**Work to be completed:**
Please reproduce, exactly and with nothing added, the lines of the material below that run from the one containing "Фінансовий гороскоп на" to the end.

**Information supplied:**
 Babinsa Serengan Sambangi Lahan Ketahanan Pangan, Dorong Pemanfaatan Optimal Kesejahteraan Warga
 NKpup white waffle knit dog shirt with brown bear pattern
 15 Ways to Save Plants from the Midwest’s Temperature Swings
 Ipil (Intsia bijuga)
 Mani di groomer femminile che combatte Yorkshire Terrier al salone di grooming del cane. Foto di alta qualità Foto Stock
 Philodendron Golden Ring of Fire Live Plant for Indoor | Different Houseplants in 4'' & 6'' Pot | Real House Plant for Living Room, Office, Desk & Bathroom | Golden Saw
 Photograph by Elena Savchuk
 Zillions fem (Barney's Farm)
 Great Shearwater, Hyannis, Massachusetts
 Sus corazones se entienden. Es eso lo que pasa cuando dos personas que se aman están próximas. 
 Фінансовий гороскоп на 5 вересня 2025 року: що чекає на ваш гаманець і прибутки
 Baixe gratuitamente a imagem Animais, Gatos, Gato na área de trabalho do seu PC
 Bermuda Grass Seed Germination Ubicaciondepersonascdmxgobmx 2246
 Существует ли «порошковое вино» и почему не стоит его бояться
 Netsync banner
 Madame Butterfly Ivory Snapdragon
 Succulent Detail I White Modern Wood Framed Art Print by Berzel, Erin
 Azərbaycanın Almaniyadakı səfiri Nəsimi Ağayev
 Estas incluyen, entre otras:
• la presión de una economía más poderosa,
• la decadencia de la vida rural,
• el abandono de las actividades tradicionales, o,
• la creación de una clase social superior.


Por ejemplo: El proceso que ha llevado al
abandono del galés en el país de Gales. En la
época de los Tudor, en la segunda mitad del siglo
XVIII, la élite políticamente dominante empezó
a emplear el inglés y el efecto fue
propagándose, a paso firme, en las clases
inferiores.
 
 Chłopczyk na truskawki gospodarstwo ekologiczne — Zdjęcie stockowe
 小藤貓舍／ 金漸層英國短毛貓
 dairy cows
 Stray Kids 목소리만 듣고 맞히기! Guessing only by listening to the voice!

**Task solution:**
 Фінансовий гороскоп на 5 вересня 2025 року: що чекає на ваш гаманець і прибутки
 Baixe gratuitamente a imagem Animais, Gatos, Gato na área de trabalho do seu PC
 Bermuda Grass Seed Germination Ubicaciondepersonascdmxgobmx 2246
 Существует ли «порошковое вино» и почему не стоит его бояться
 Netsync banner
 Madame Butterfly Ivory Snapdragon
 Succulent Detail I White Modern Wood Framed Art Print by Berzel, Erin
 Azərbaycanın Almaniyadakı səfiri Nəsimi Ağayev
 Estas incluyen, entre otras:
• la presión de una economía más poderosa,
• la decadencia de la vida rural,
• el abandono de las actividades tradicionales, o,
• la creación de una clase social superior.


Por ejemplo: El proceso que ha llevado al
abandono del galés en el país de Gales. En la
época de los Tudor, en la segunda mitad del siglo
XVIII, la élite políticamente dominante empezó
a emplear el inglés y el efecto fue
propagándose, a paso firme, en las clases
inferiores.
 
 Chłopczyk na truskawki gospodarstwo ekologiczne — Zdjęcie stockowe
 小藤貓舍／ 金漸層英國短毛貓
 dairy cows
 Stray Kids 목소리만 듣고 맞히기! Guessing only by listening to the voice!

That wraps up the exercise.